#### [Task prompt]
Make an exact copy of the listing below. Pictures stay out of it.

+++ Provided entries

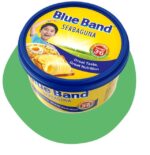 Planta Multipurpose Margarine Blue Band 480g - Image 3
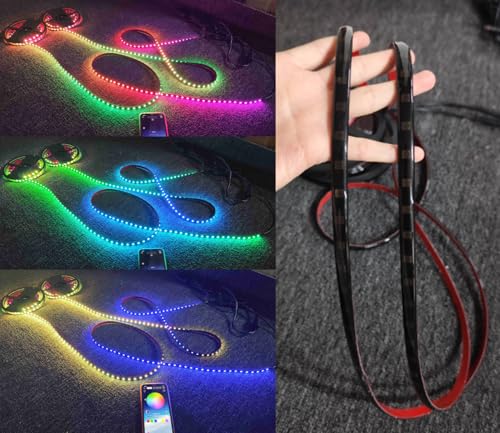 YD Lighting - 14PCS 3FT 90CM 36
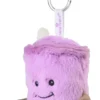 Warmies Tasbedeltje Bubble Tea (1 stuk)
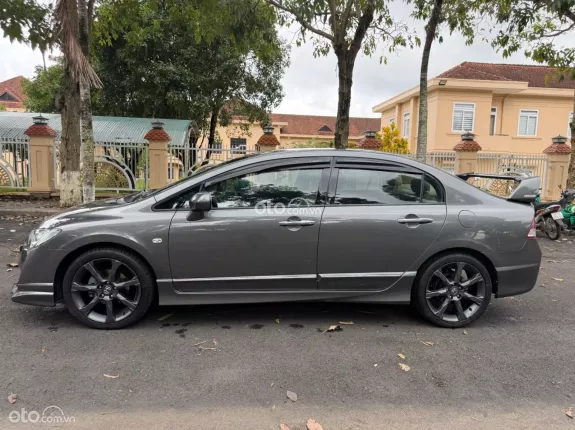 Honda Civic 1.8 AT 2009 - Xe bao đẹp
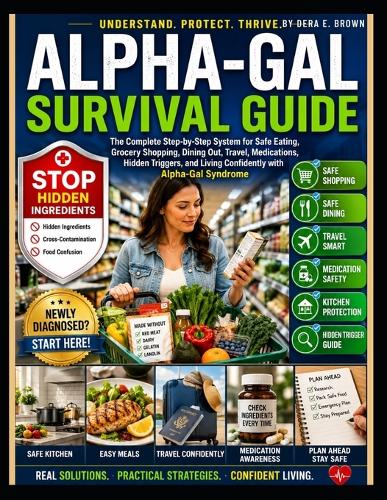 Alpha-Gal Survival Guide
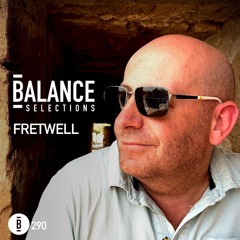 Balance Selections 290: Fretwell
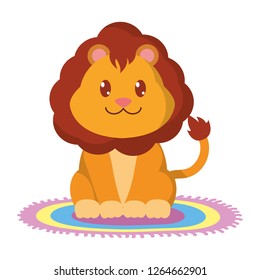 cute animal cartoon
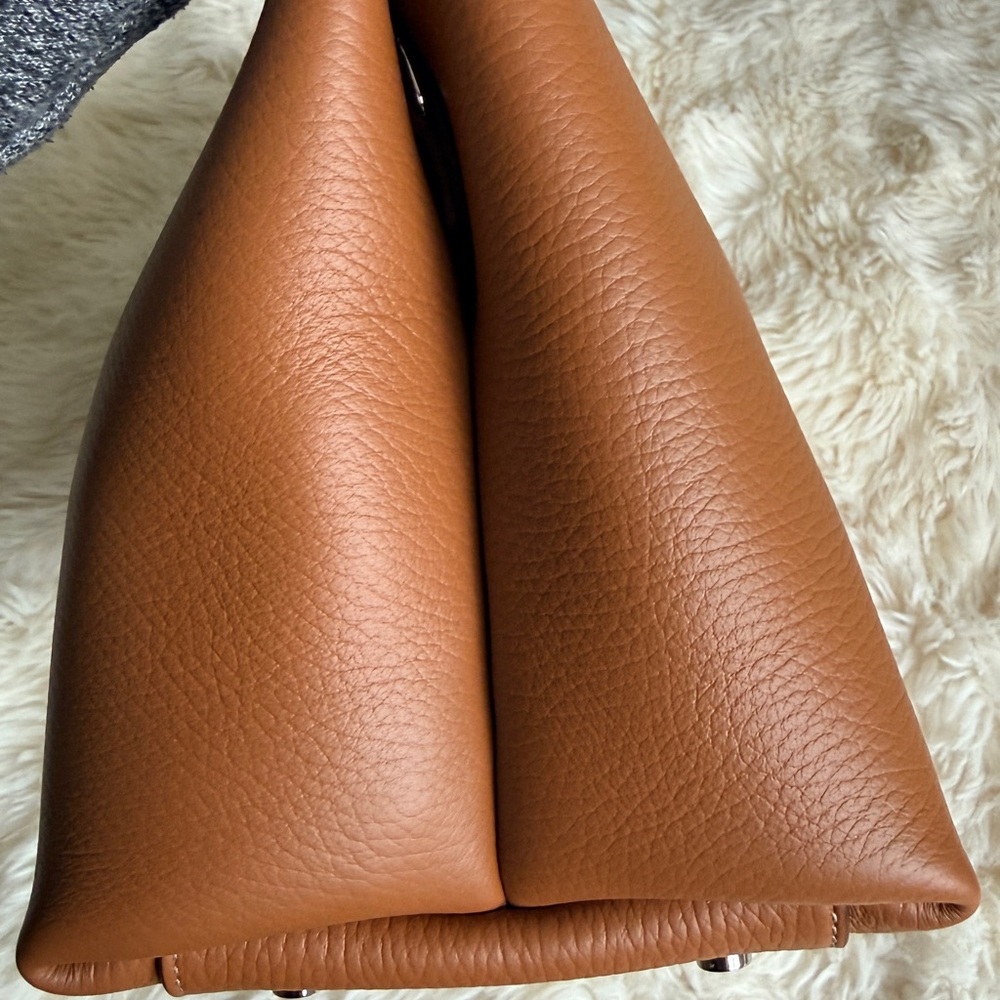 Tod’s micro leather bag - Picture 9 of 10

++++++

#### [Exercise result]
 Planta Multipurpose Margarine Blue Band 480g - Image 3
 YD Lighting - 14PCS 3FT 90CM 36
 Warmies Tasbedeltje Bubble Tea (1 stuk)
 Honda Civic 1.8 AT 2009 - Xe bao đẹp
 Alpha-Gal Survival Guide
 Balance Selections 290: Fretwell
 cute animal cartoon
 Tod’s micro leather bag - Picture 9 of 10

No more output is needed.